Current bankruptcy law does not leave debtors with enough assets to stay on their feet and realistically make a fresh financial start. This bill allows debtors to retain enough of their assets (like their home and cars) to become self-sufficient again, rather than assuming more debt, filing for bankruptcy again, or depending on public assistance.
Bill: SB 347
Expands list of persons prohibited from purchasing firearms.
Existing law generally prohibits a person who has been convicted of certain specified misdemeanors from possessing a firearm within 10 years of the conviction. SB 347 would add to the list of prohibited misdemeanors which result in a ban from possessing firearms the following firearm-related offenses: theft of a firearm, knowingly receiving a stolen firearm, and bringing ammunition onto school grounds. SB 347 would have helped protect public safety because individuals who commit gun-related crimes are more likely than law-abiding citizens to commit future offenses, including acts of violence.
Bill: SB 406
Expansion of the Paid Family Leave Program under the CA Family Rights Act.
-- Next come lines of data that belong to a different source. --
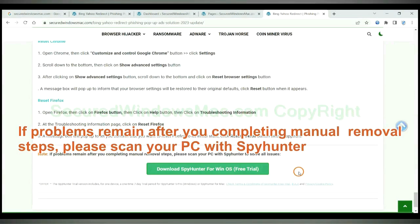If problems remain after you completing manual removal steps, please scan your PC with SpyHunter.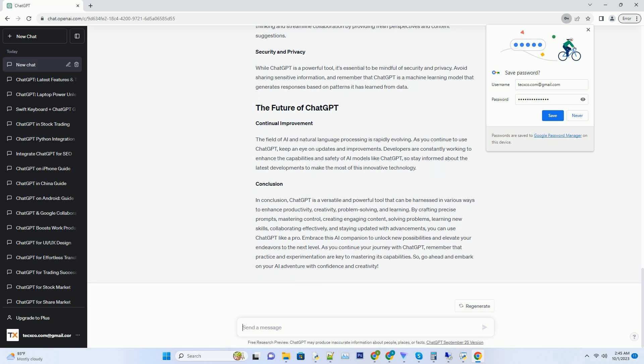ChatGPT can be your virtual tutor, helping you learn new topics or skills. Whether you're studying a new language, delving into quantum physics, or mastering a musical instrument, ChatGPT can provide explanations, examples, and practice exercises to aid your learning journey.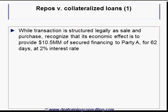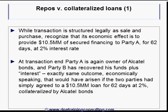While the transaction is structured legally as a sale and purchase, its economic effect has been to provide $10.5 million of secured financing to Party A for 62 days at a 2% interest rate. At the end of the transaction, Party A is once again the owner of the Alcatel bonds, and Party B has recovered its funds plus interest — exactly the same outcome that would have arisen if the two parties had agreed to a $10.5 million loan for 62 days at 2% collateralized by the Alcatel bonds.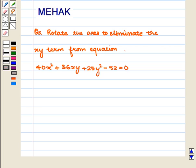Hello and welcome to the session. In this session, we are going to discuss the following question: Rotate the axis to eliminate the xy term from the equation.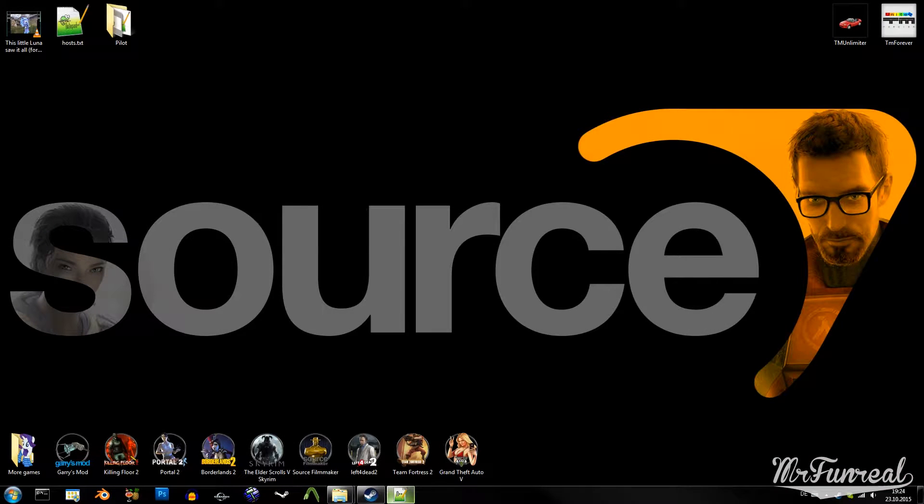Welcome to part 3 of Source Engine Modding. I am FunReel and today you will see how compiling a model works.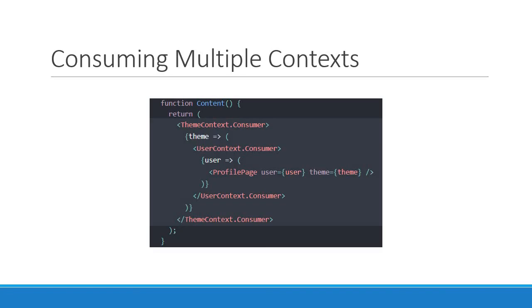All right, those are the two additional points I wanted to discuss about React Context: default values and contextType. I hope you now have a good understanding of how the Context API works in React. Thank you guys for watching. Don't forget to subscribe. I'll see you guys in the next video.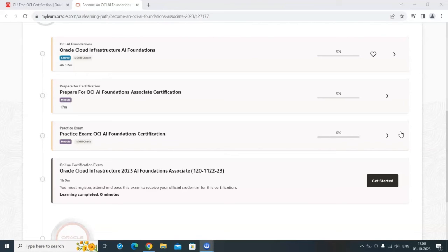The course is free and the certification is also free. If you have time and want to understand machine learning and AI from a foundation perspective — with no deep technical content — you can learn and grab this certificate for your career. Please do subscribe to my channel. Thank you and cheers!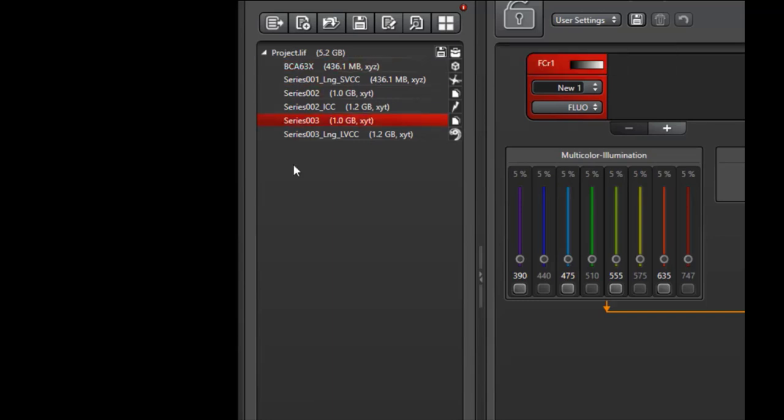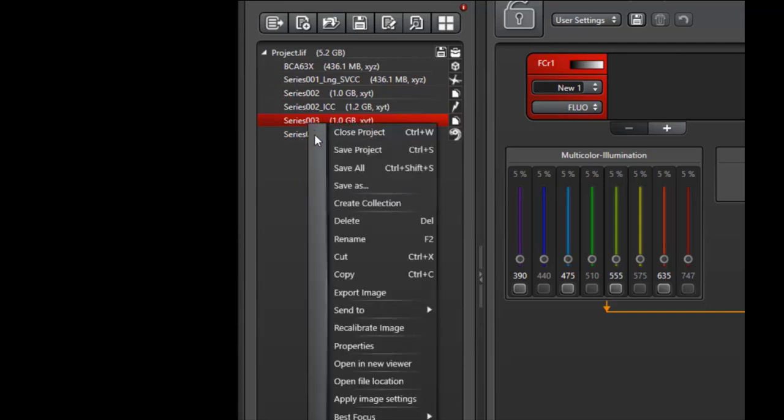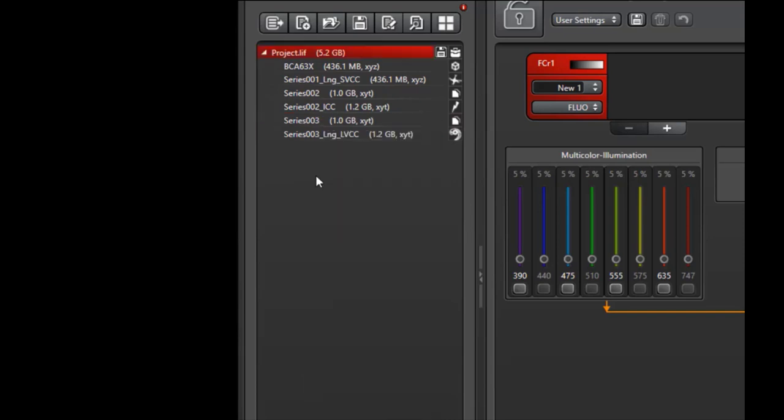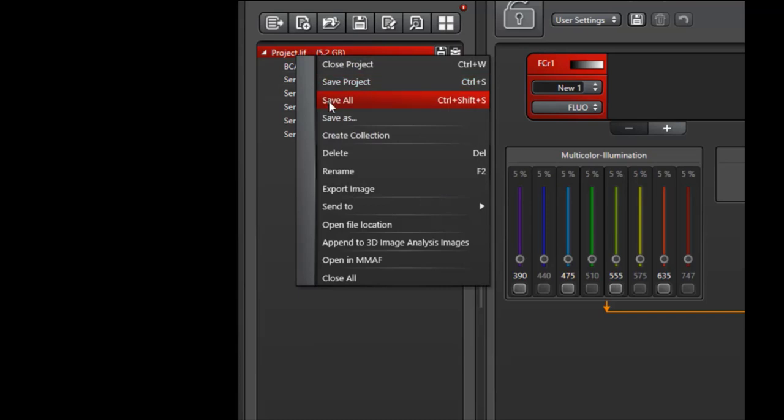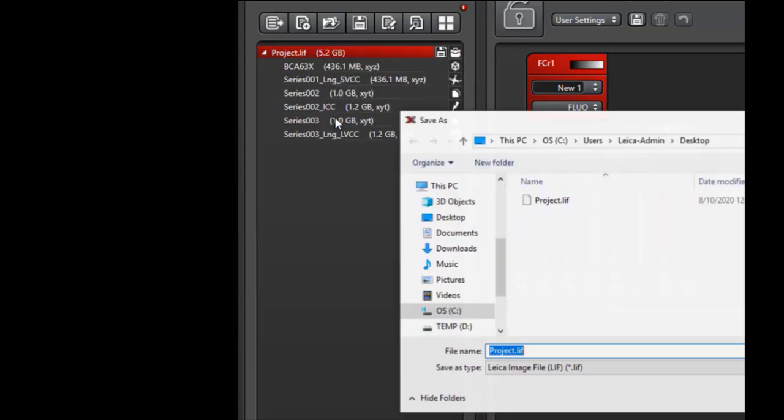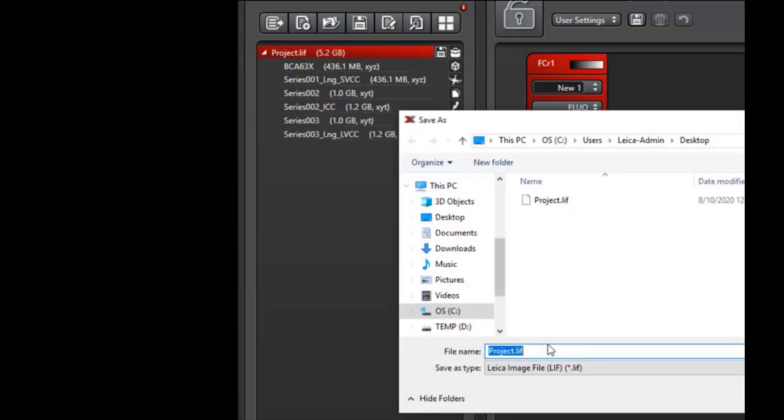I've also identified series 003 wasn't representative and can be deleted. For that, you can right-click and delete. The last thing I'll do is save this project by right-clicking, saving as, and give it a specific name that I can easily reference at a later date. I'll call it JD 0810 2020.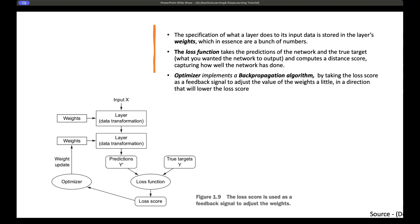For example, if the model incorrectly classified a dog as a cat, we tell it: for an image with this binary representation, this is actually a dog. We pass the loss score back to the optimizer, it adjusts the weights, and the model makes predictions again. This loop continuously happens — the loss function produces a score, the optimizer implements an algorithm called backpropagation, which feeds the score back to the weights in a direction that lowers the loss so the model continuously learns and self-corrects.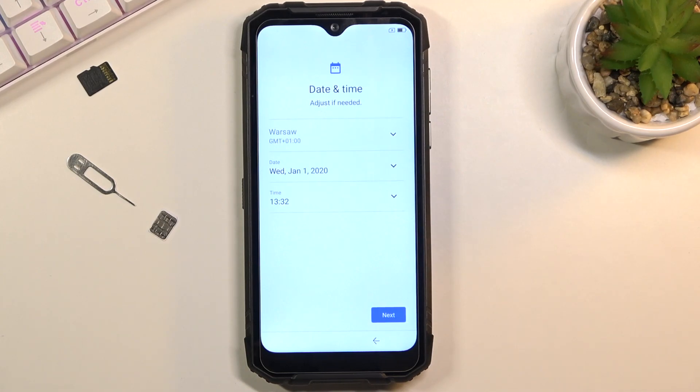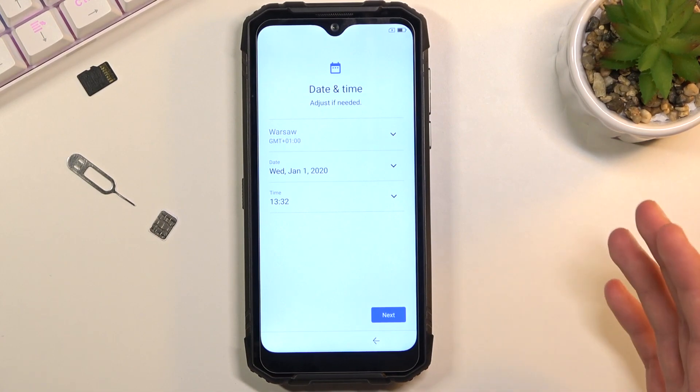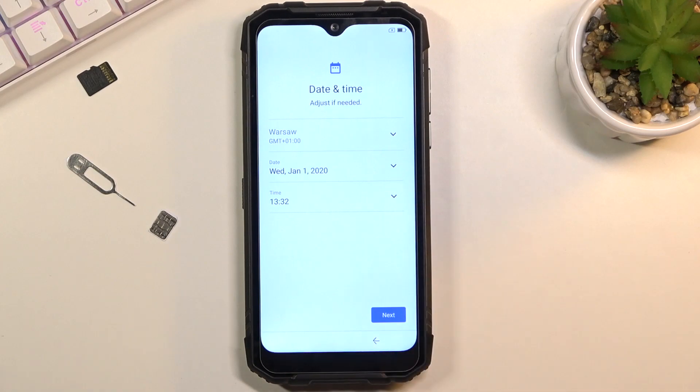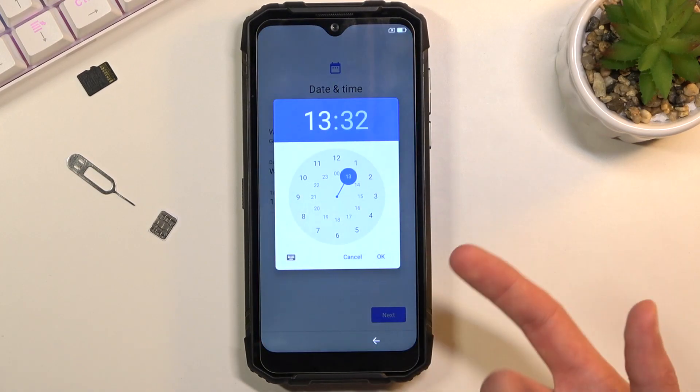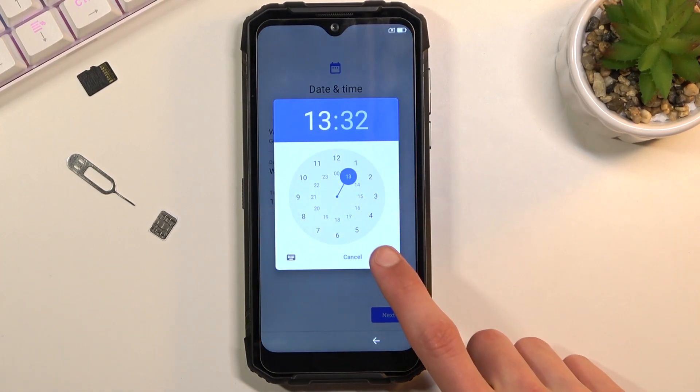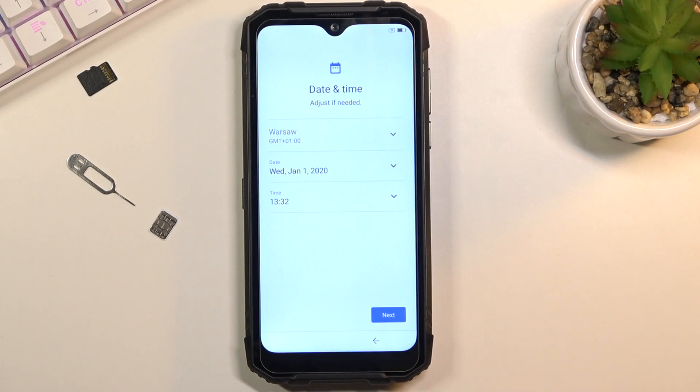And there's the date and time. Like I mentioned before, it doesn't look correct, but I'm not really gonna bother changing it to the correct one. I'm just gonna tell you what you can do. You can tap on the time and select the correct time here. Confirm by tapping OK, and same goes with the date.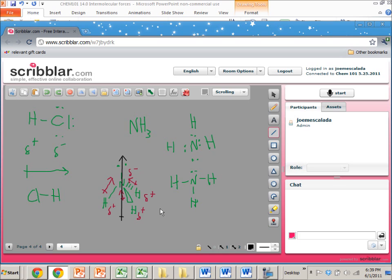Because NH3 has an overall dipole moment, there's a dipole-dipole interaction between molecules oriented with H pointing down toward H pointing up — positives near negatives and negatives near positives, causing attraction. The workflow is: use the Lewis structure to figure out geometry, use geometry to figure out the dipole, and if there is a dipole, there's a dipole-dipole interaction.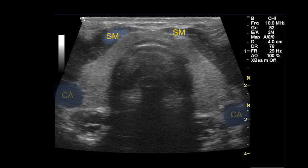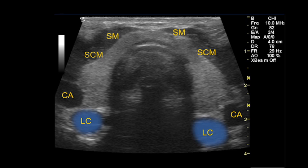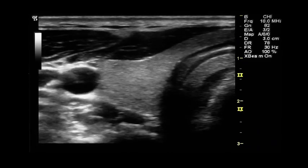This image demonstrates that the thyroid gland is bordered anteriorly by the strap muscles and laterally by the carotid artery and sternocleidomastoid muscle. Posteriorly, the thyroid is bordered by the longus colli muscles. The thyroid gland is more echogenic than the adjacent muscles and blood vessels.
California has the second highest percentage of multi-generational households in the country. In a recent study of caregivers of Alzheimer’s patients, over 40% of caregivers were not covered under the narrow definition of family in the California Family Rights Act (CRFA). SB 406 would expand the California Family Rights Act, which currently only allows workers to take up to 12 weeks off to care for sick children, parents or spouses, to include sick siblings, grandparents, grandchildren, domestic partners and parents-in-law.
Bill: SB 443
Requires due process before law enforcement can seize personal property.
SB 443 would limit the use of a controversial federal law, dating to the 1980s drug war, that allows law enforcement agencies to keep money, vehicles and other assets if they suspect they were used to commit a crime or are the proceeds of illegal activity. The owner need not be convicted or even charged with a crime. SB 443 restores due process and reinforces constitutional protections to prevent law enforcement from seizing an individual’s property without a conviction — an issue that unevenly harms people of color and low-income individuals.
Bill: SB 546
Protects large employers and workers from unjustified increases in the cost of health insurance by requiring the rates be reviewed and approved.
In the last decade, health insurance premiums paid by employers and workers climbed 185% in California, and employers shifted the increasing costs to workers. SB 546 protects large employers and workers from unjustified increases in the cost of health insurance by requiring the rates be reviewed and approved. By requiring justification of rate increases, SB 546 will encourage insurers to set prices in a reasonable way.
Bill: SB 641
Requires consumer protections against unfair debt collection tactics.
Certain debt collectors intentionally delay notifying a consumer of a default judgment on a debt in order to more easily go after the consumer’s wages. This bill gives consumers, in limited circumstances, the ability fight back against abusive debt collection tactics by asking a court to set aside default judgments and hear the case on the merits within 180 days after the first actual notice of the lawsuit. It ensures that consumers can defend themselves in situations where they received no initial notice that they were being sued, through no fault of their own.
Bill: SB 654
Prevents facilities that produce hazardous waste from poisoning communities and evading enforcement of common sense regulations.
Exide Technologies, the battery plant behind the toxic pollution that has poisoned many residents in Southeast Los Angeles, operated under an interim permit for decades. Exide is just one of the many examples of what can go wrong with the lack of adequate permits and poor oversight and inspection of hazardous waste facilities. When factories and industries that process hazardous materials lack adequate permits, it’s detrimental to the health of the surrounding communities. SB 654 would help prevent future problems by increasing enforcement of common sense regulations, specifically creating a five-year permit renewal process overseen by the Department of Toxic Substance Control (DTSC).